Nova Milanese, killer del tallio: una voce nella testa gli ordinava di ammazzare

Queste le motivazioni che hanno portato all’assoluzione di Mattia Del Zotto Aveva ucciso avvelenandoli due nonni, una zia e mandato in ospedale altri tre

Mattia Del Zotto

Mattia Del Zotto

Nova Milanese (Monza e Brianza), 21 novembre 2019 - Mattia Del Zotto stato mosso a uccidere i suoi parenti “da un insieme di convinzioni, dominato da una forma di sapere oscuro e totalizzante, che ha mosso la sua mano pluriomicida facendo insorgere l’idea di sopprimere coloro che gli stavano vicini, portata da una voce che era nella sua testa, la quale gli ordinava tutti i comportamenti da tenere, indicandogli quelli buoni e quelli cattivi e tra quelli buoni rientrava lo sterminio dei suoi cari”. È quanto basta, secondo la Corte di Assise di Appello di Milano, per confermare l’assoluzione per incapacità totale di mente del 28enne ragioniere disoccupato di Nova che ha avvelenato attraverso l’acqua minerale in bottiglia i parenti, uccidendo i nonni e una zia paterni e mandando in ospedale altri due zii, i nonni materni e la loro badante.

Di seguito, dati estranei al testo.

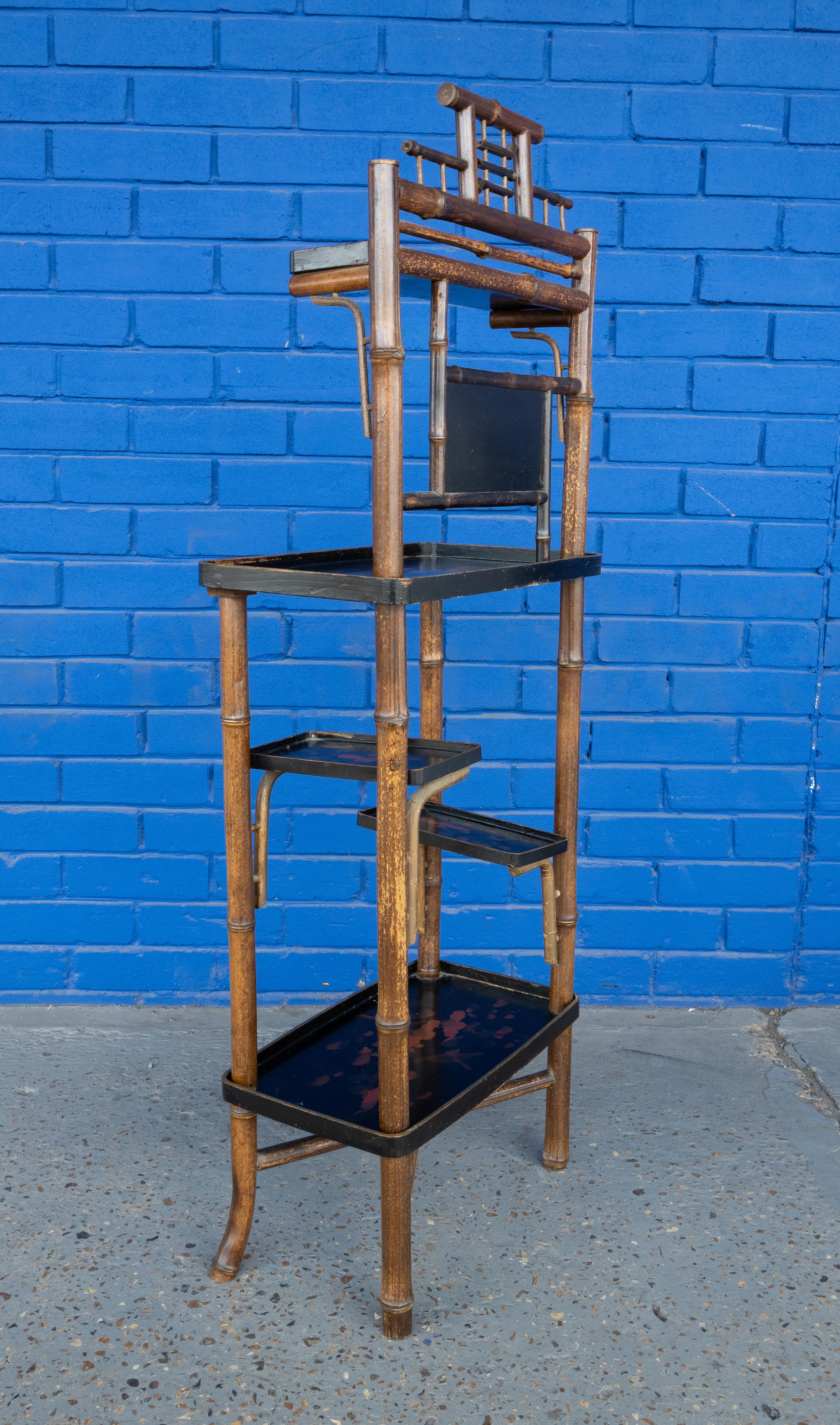 Antique 19th Century Bamboo Lacquered Display Stand, Perret And Vibert, France  For Sale 1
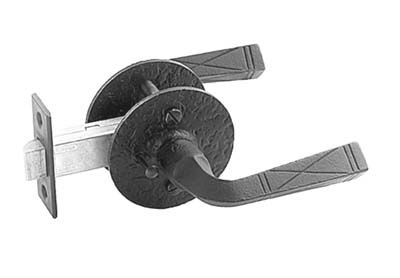 Double Lever Passage Set - 2-3/4" Inch Backset - Round Rose - Matte Black Finish - Sold as Set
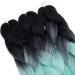 Tess Braids Extensions 60 cm - 3 Pack Jumbo Kanecalon Hair Braids for Box Braids - Ombre Black/Light Green - 100g Bundle - Buy Online on GoSupps.com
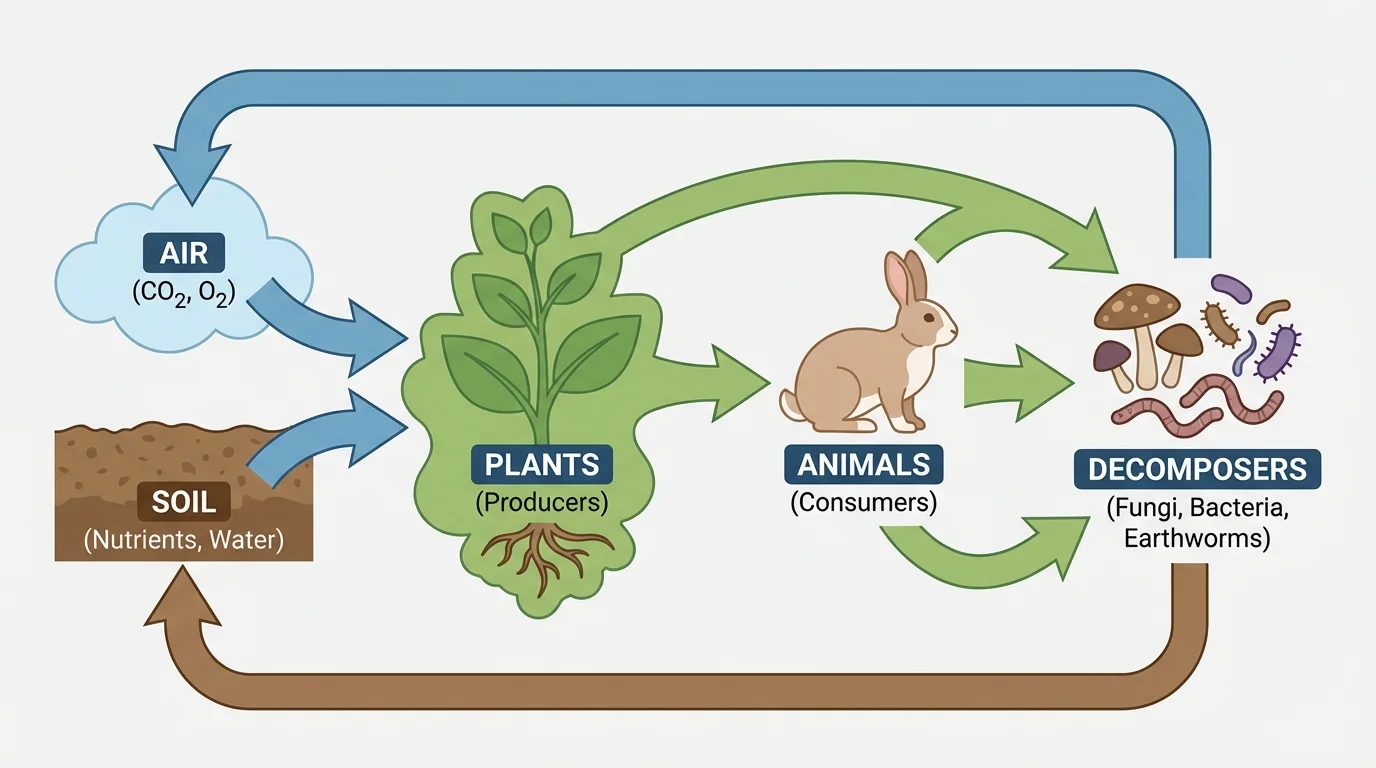 Flowchart showing matter moving from air and soil to plants, to animals, to decomposers, and back to soil and air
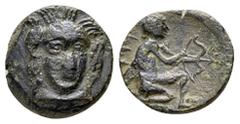 Sicily, Solus. Carthaginian Occupation. Circa 4th century BC. Æ Tetras. Head of Athena facing slightly right, wearing Corinthian helmet / Warrior kneeling right, drawing bow. Jenkins I pl. 23, 20; CNS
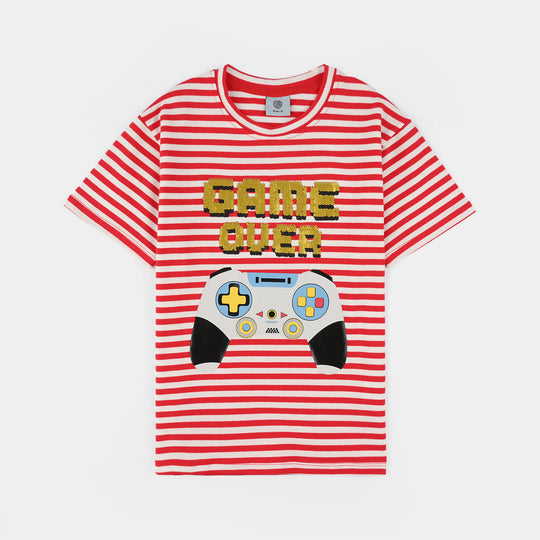Boys Lycra Jersey T-Shirt (Game Over) - Red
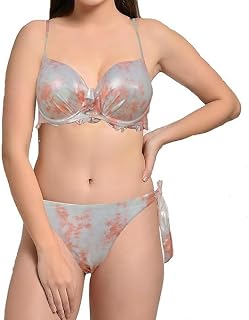 GOLKIPAR(LABEL) GOLKIPAR Women's Shimmer Underwire Bikini Set Iridescent Push Up Swimsuit Ruffle Trim Bathing Suit Adjusta... Price In India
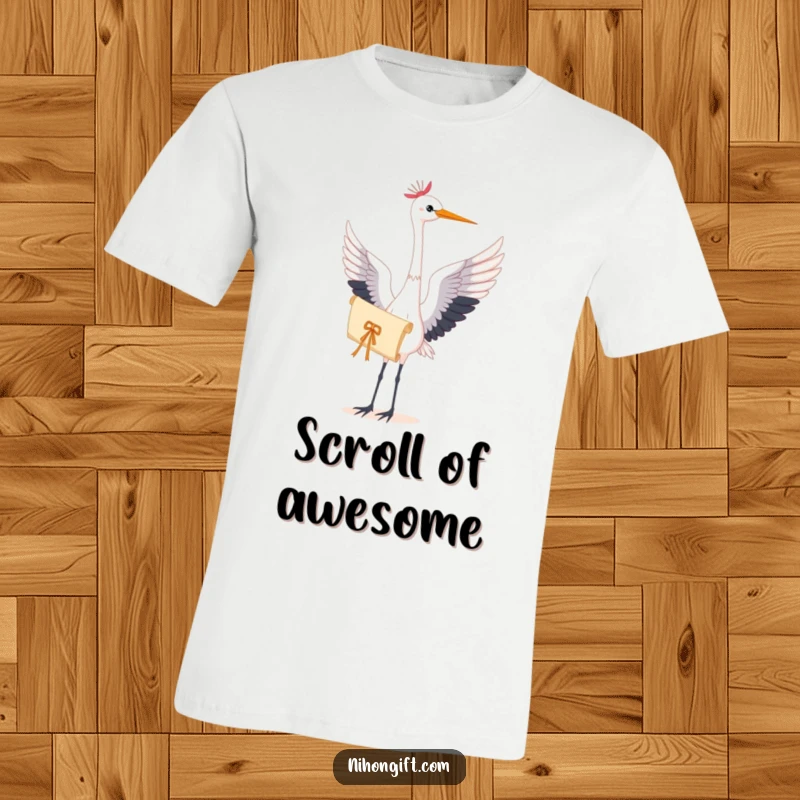 T-Shirt featuring a graceful crane holding a delicate scroll, symbolizing peace and artistic flair for the wearer.
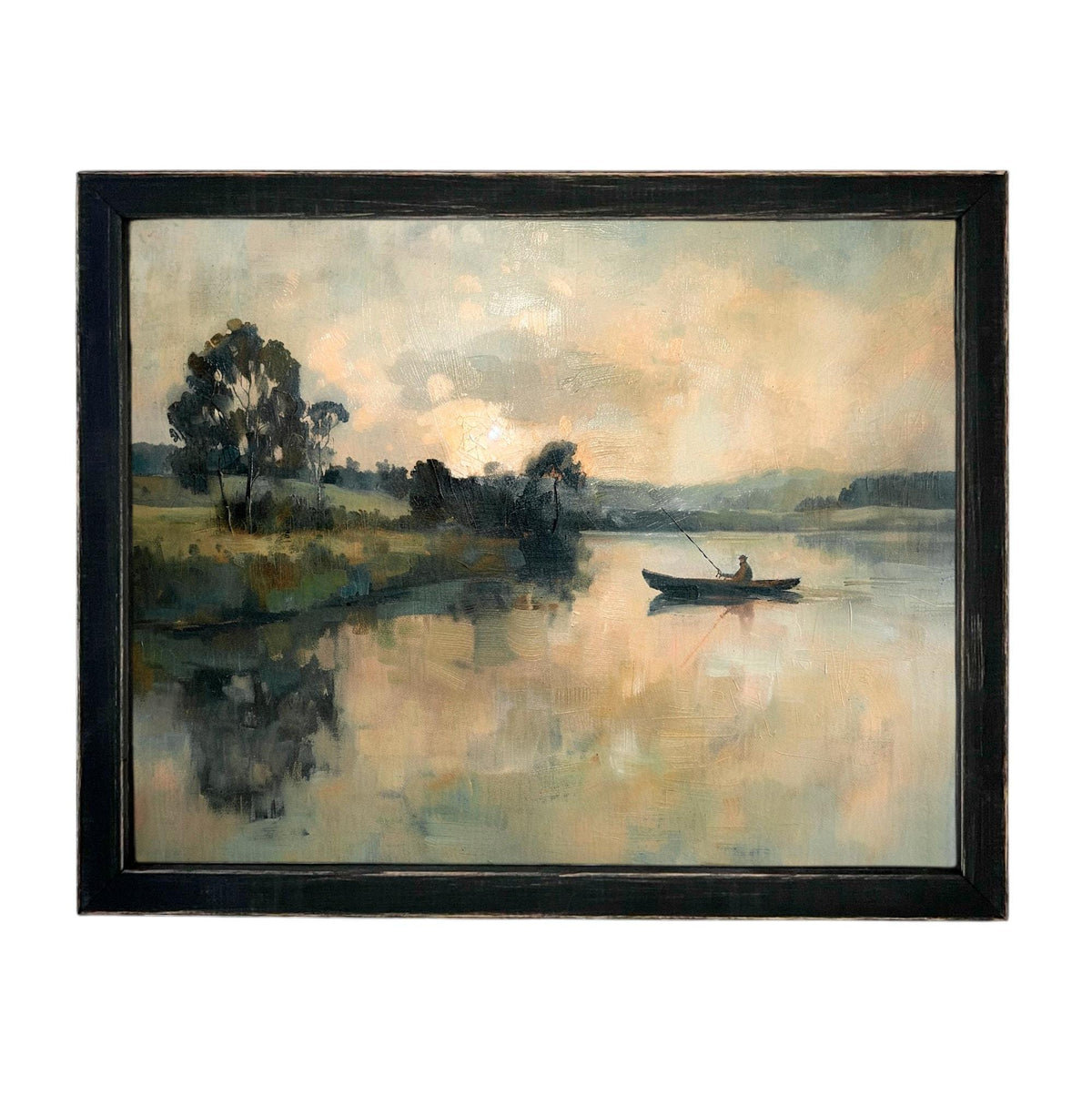READY to SHIP 18X24 Framed Vintage Fisherman Print on Canvas: Lake House Cabin Art #CAB-109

Il giovane è stato assolto dal Tribunale di Monza e ora dovrà restare per almeno 10 anni in una Residenza per l’esecuzione delle misure di sicurezza perché ritenuto socialmente pericoloso.  Era stata la Procura di Monza a presentare il ricorso in appello contro la sentenza di primo grado, chiedendo che il 28enne venisse sottoposto a una quarta perizia psichiatrica da parte di un pool di esperti. Per l’imputato di omicidio volontario premeditato plurimo e lesioni personali gravi plurime la pubblica accusa aveva chiesto la condanna all’ergastolo, dopo che la sua perizia psichiatrica aveva concluso che il giovane risultava solo parzialmente infermo di mente: era pazzo quando ha deciso di fare fuori i familiari, ma sano quando ha lucidamente pianificato come mettere in atto il suo piano di morte. Invece i giudici di secondo grado hanno confermato la sentenza assolutorio di primo grado.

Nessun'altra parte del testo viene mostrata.